The results of the study show that ephrinB2 deletion impairs long-term fear memory. We, therefore, were interested to explore whether injection of ephrinB2 into the BLA will enhance long-term fear memory formation. Injection of ephrinB2 into the BLA enhanced long-term fear memory formation. Interestingly, although deleting ephrinB2 from the BLA impaired both contextual and auditory fear conditioning, injection of ephrinB2 into the BLA enhanced only auditory, but not contextual, long-term fear conditioning memory. One possible reason for this is that the injection of ephrinB2 into the BLA is local whereas deleting ephrinB2 from neurons in BLA can affect targets beyond the BLA where these neurons project to and ephrinB2 is expressed in these projections in the normal condition. Removing ephrinB2 from these projections could lead to an impairment of contextual fear conditioning. It could be that ephrinB2 enhances memory formation through the potentiation of NMDA receptors as ephrinB2 activation of EphB in primary cortical neurons potentiates NMDA receptor-dependent influx of calcium5. Moreover, increased activation of cultured neurons is observed after the application of glutamate together with ephrinB2 and not by the application of ephrinB2 alone5. NMDA receptors in BLA are needed for fear memory formatione.g.46. We also observed that ephrinB2 enhanced the ability of fear conditioning to activate cells in the BLA. Moreover, we show that ephrinB2 per se cannot activate the neurons in BLA but only together with fear conditioning. EphrinB2 may potentiate BLA neurons to be more responsive to the incoming inputs as shown in primary cortical neurons5.

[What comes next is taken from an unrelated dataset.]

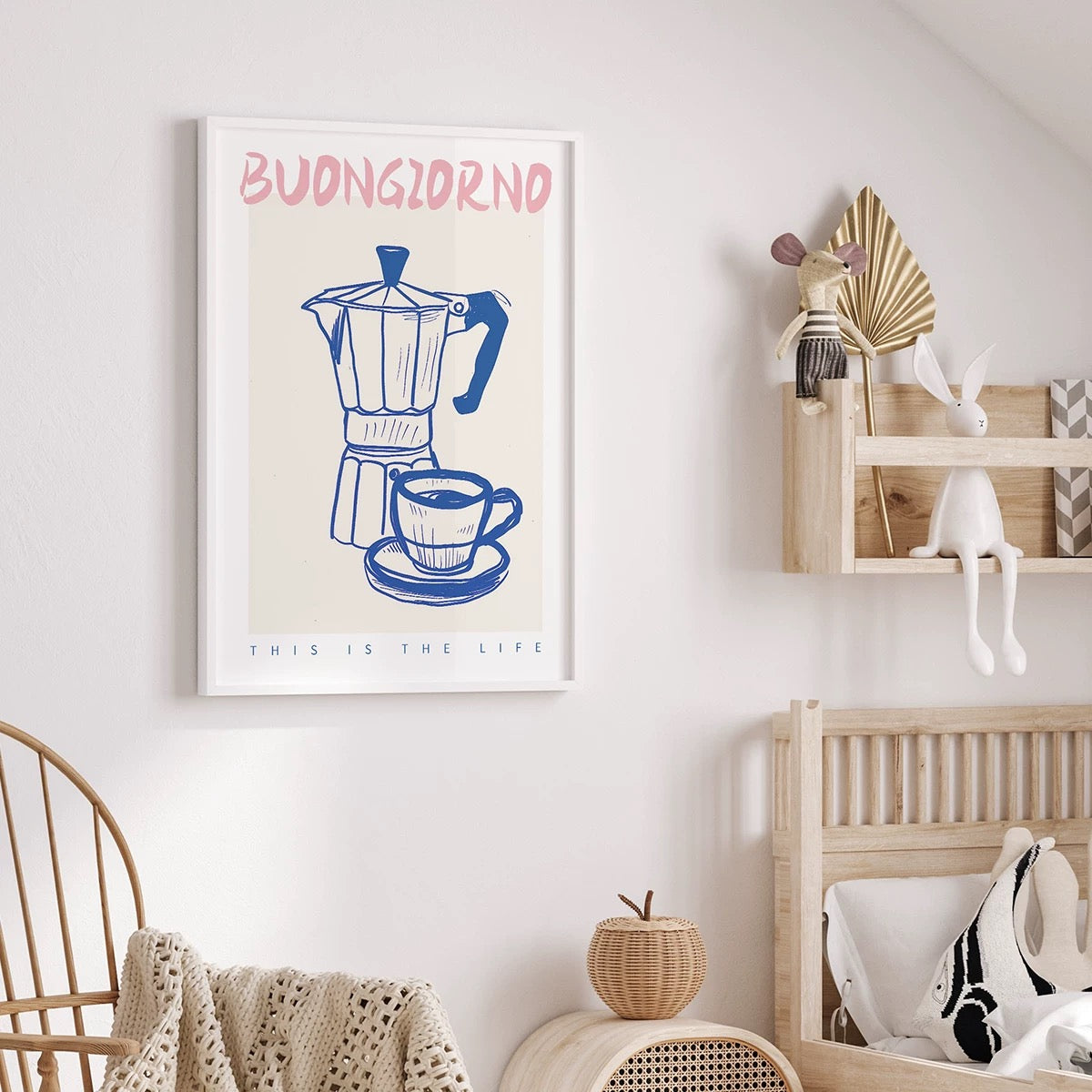 Stylish espresso artwork for coffee station wall decor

In summary, our study shows that ephrinB2 in excitatory neurons and astrocytes in the BLA is essential for long-term fear memory formation and that ephrinB2 sets the threshold for fear memory formation in the BLA. EphrinB2 is therefore a key molecule affecting fear memory formation in the BLA and can be involved in mediating fear-related diseases. It would be interesting to explore whether individuals with different levels of ephrinB2 in the amygdala have different sensitivities for fearful situations, are more resilient when ephrinB2 level is lower, or on the other hand prone to stress and fear-related disorders when ephrinB2 is at a higher level.
Methods
Animals
Adult (8 weeks of age) male C57BL/6 J mice weighing 22–28 g (ordered from Envigo, Israel) were used for the ephrinB2-Fc experiments. C57BL/6-Tg(Nes-cre/ERT2)KEisc/J and B6.129S7-Efnb2tm2And/J were obtained from The Jackson Laboratory (ME, USA) and were bred at the University of Haifa. C57BL/6-Tg(Nes-cre/ERT2)KEisc/J (11 weeks old) were injected with 4-hydroxytamoxifen (4-OHT; Sigma-Aldrich, Cat#H6278) (i.p. 50 mg/kg in 5 mg/ml) once a week before the experiment. Wild-type littermates served as the control mice for the genetically modified mice. Mice were housed at 22 °C in a 12 h light/dark cycle, with free access to food and water. Behavior was performed during the daytime. Behavioral experiments were approved by the University of Haifa Institutional Committee for animal experiments in accordance with National Institutes of Health guidelines.
AAV production
ssAAV-1/2-mCaMKIIα-mCherry_2A_iCre-WPRE-SV40p(A) (titer: 4.5 x 10E12 vg/ml) (v227-1) and ssAAV-1/2-hGFAP-mCherry_iCre-WPRE-hGHp(A) (titer: 6.1 x 10E12 vg/ml) (v233-1) were obtained from Viral Vector Facility (VVF, University of Zurich).
AAV microinjection
Animals were anesthetized with Medetomidine (Domitor) 1 mg/ml and Ketamine 100 mg/ml cocktail, diluted in sterile isotonic saline (administered doses: Ketamine 50 mg/kg; Domitor 0.5 mg/kg; 100 µl/10 gm of animal body weight). Dipyrone (50%) was injected for analgesia before surgery and consecutive 3 days after surgery. AAV particles were injected (0.5 µl/hemisphere, 0.1 µl/min) aimed at the BLA. The coordinates for performing stereotactic surgery were measured according to the mouse bregma location (coordinates are in reference to bregma: anteroposterior (AP), −1.4; lateral (L) ± 3.3; and dorsoventral (DV), −4.65) in the Mouse brain atlas. Animals were allowed to recuperate for 4 weeks before behavioral experiments. After behavioral or histological procedures, the animals were perfused and the localization of AAVs was examined. Only mice with expression of mCherry within the borders of the BLA were included in the data analysis. The BLA borders were defined according to Allen Mouse Brain Atlas.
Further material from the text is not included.